Alexandra Ksenofontova, Research Area 4: "Literary Currencies"
Postdoctoral Research Project
This project explores the historical rise of present-tense fiction throughout the 20th century. It focuses on the link between present-tense narratives and the growing prominence of non-normative temporalities in fiction—the non-linear, non-teleological temporalities of traumatized, female, queer, disabled, and other marginalized subjects. The project argues that this link repeatedly enabled the present tense to become a narrative strategy that lends a voice to the Other.
Several misconceptions about tense and time have obstructed the research into the connection between present-tense fiction and non-normative temporalities. Among those obstructions are the ideas that tenses in fiction work in a radically different way than in everyday communication; that tenses in fiction have nothing to do with time; that some narratives are “about” time while others are not. Abandoning these ideas, this project re-establishes the legitimacy of the link between tense and temporality in fiction from a linguistic, narratological, and philosophical perspective. In so doing, it paves the way for a closer investigation of the peculiar temporalities found in present-tense fiction.

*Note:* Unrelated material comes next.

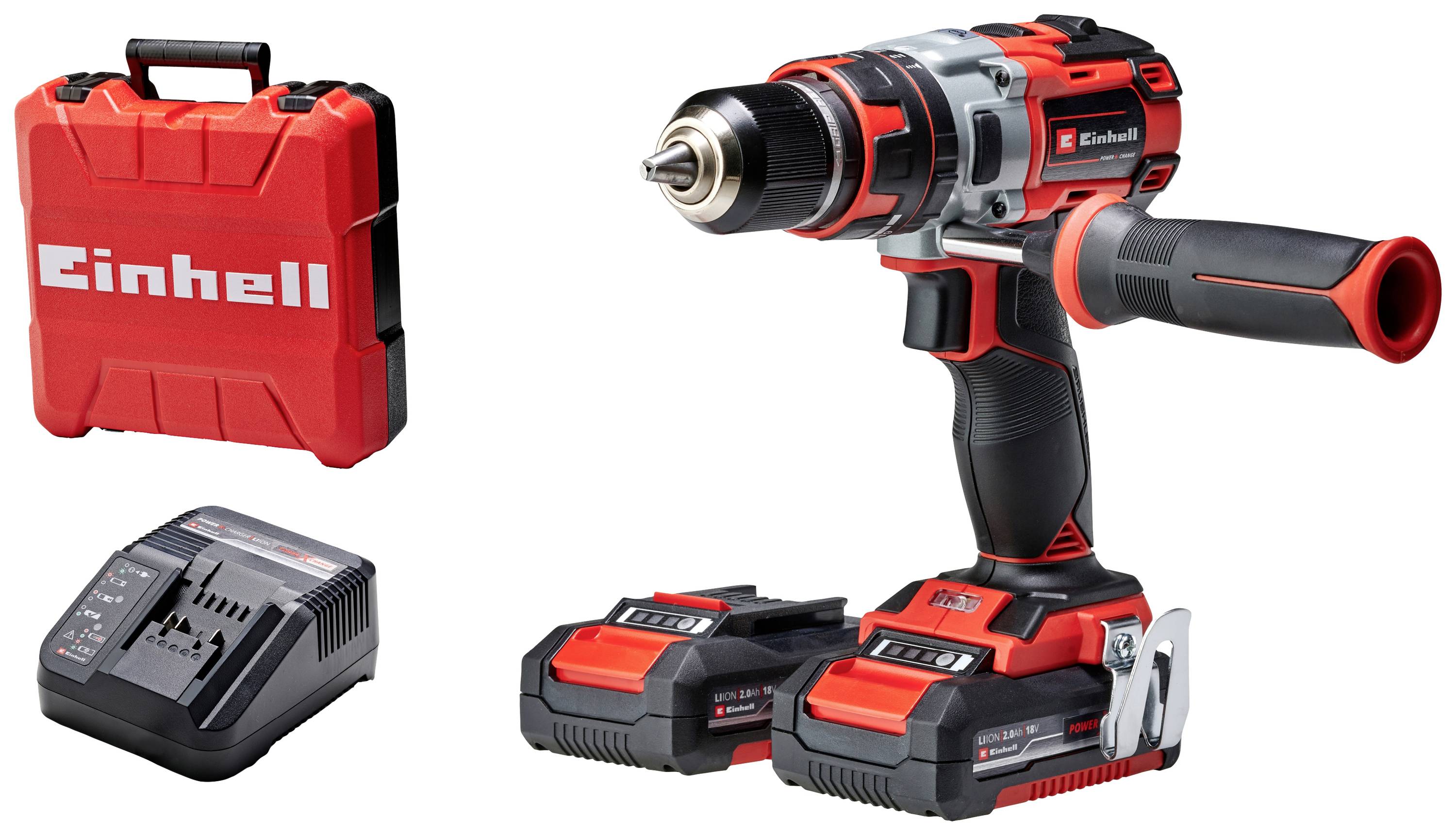 Einhell Professional TP-CD 18 Li-i BL (2x2,0Ah) Slagborrmaskin batteri 2-v&auml;xel inkl. laddare, inkl. 2x batterier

Over the last hundred years, literary critics have again and again rediscovered present-tense fiction as a ‘new’ trend. Often such rediscoveries are accompanied by harsh criticism: the present tense has been condemned as the product of the writer’s bad taste, lacking experience, the desire to please Hollywood, or as some other kind of passing fashion. The latest controversy of this kind took place in the early 2010s around present-tense fiction on the Booker Prize shortlist. Ever since, the press and the (mostly anglophone-focused) research have treated the rise of present-tense fiction as a ‘new,’ 21st century phenomenon. By reconstructing a historical genealogy of present-tense fiction, this project hopes to gain insight into the reasons for the continual popularity of present-tense fiction in both anglophone and non-anglophone (specifically German and French) literatures over the course of the entire 20th century.
According to the project’s hypothesis, one of the main reasons for this unflagging popularity is the ability of the present tense to conjure up non-normative temporalities. Present-tense narratives create an odd temporal relation between the narrative act and the narrated events that is inexplicable in terms of linear, teleological concepts of time. This narrative particularity as well as the unique polysemy of the present tense give rise to versatile fictional temporalities. Present-tense fiction challenges the past as the main source of meaning production; manifests a profound uncertainty of the future; undermines the tempo and rhythms of capitalist labour; welcomes contingency and eventuality; explores circularity and untimeliness. In this way, present-tense fiction allows articulating experiences and constructing identities that transcend the boundaries of normative temporalities.